– С ветерком не надо, – говорю, сажусь в машину. – Главное, в целости и сохранности доставь домой.
Подруги слышали весь разговор, глаза их вылезли из орбит, рты раскрыты в удивлении; они были растоптаны, разбиты и ошарашены. Проехали пару кварталов; Женя предложил пересесть на заднее сиденье; я согласилась, внутри меня словно какой-то чёрт резвился.
– И… всё? – спросила, раскованно разместившись на сиденье-диване. – Как зовут коня?
– «Мерседес».
– Ежу видно – «Мерседес», – продолжаю развлекаться. – Это всё, что в нашей сегодняшней программе?
Тут Женя извлекает бутылку шампанского и бокалы:
– «Вдова Клико», брют.
– И ты, Брут?
-– Не брут, а – брют.
– Слаб ты в истории, Женя, – подвожу черту и интересуюсь, – а то, что ты за рулём – это как?
– Выветрится, – отвертелся Женя, – от бокала ничего не будет.
Выпили на брудершафт.
– После брудершафта положено поцеловаться, – голос Жени зазвучал откуда-то издалека, пробиваясь с трудом через вату из пустоты, и в эту пустоту медленно проваливалась я, теряя в падении себя и поворачивая выключатель сознания.
Вернулась внезапно; словно из темноты резко вывели на свет, глаза слепнут, и ничего не понимаешь; приглушённо льется музыка из динамиков, тихо работает мотор; рядом лежит Женя и нежно касается шеи губами.
– Зачем? – резко спросила, отпрянув от него.
– Затем, что люблю тебя; люблю давно.
– Очень заметно, - провела рукой по телу, что нужно снято. – По-другому никак нельзя было?
– Пригласи тебя домой, откажешься ведь, точно; а так, – Женя провёл рукой круг, – «Мерс» тот же дом, только на колёсах.
– Так, всё разъяснено доходчиво, – грубо обрываю Женю. – Взял своё, рыцарь на белом коне.

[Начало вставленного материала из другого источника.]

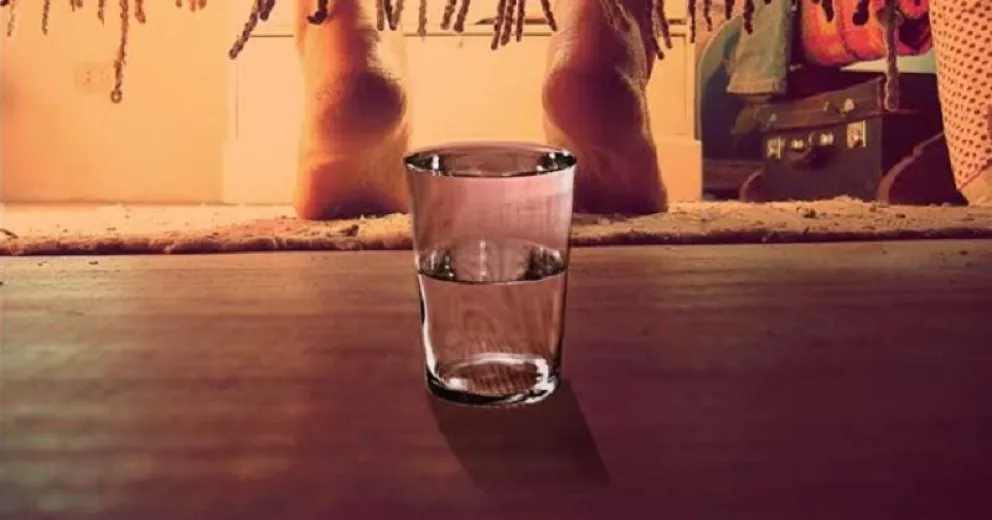 El poderoso ritual del vaso de agua debajo de la cama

Теперь доставь девушку-простушку туда, где взял.
– Да ты что, не поняла? – воскликнул Женя. – Я люблю тебя!
–Твоя любовь на статью уголовную тянет.
– Какую статью? я серьезно говорю – люблю! – Выходит из себя Женя.
– Так и я не шучу. В камере тебя полюбят настолько серьезно, на унитаз сам не сядешь! Вези на место! – неумолимо отвечаю Жене. – Наказание грядёт неотвратимо.
– Нет, Нина, подожди. Отношение серьезное к тебе, сомнения отмети сразу; окончишь школу, учиться дальше пойдешь, тогда и распишемся; а пока будем встречаться, - Женя выстреливал слова быстро, как автомат пули, на едином дыхании. – Нина, я вправду тебя люблю!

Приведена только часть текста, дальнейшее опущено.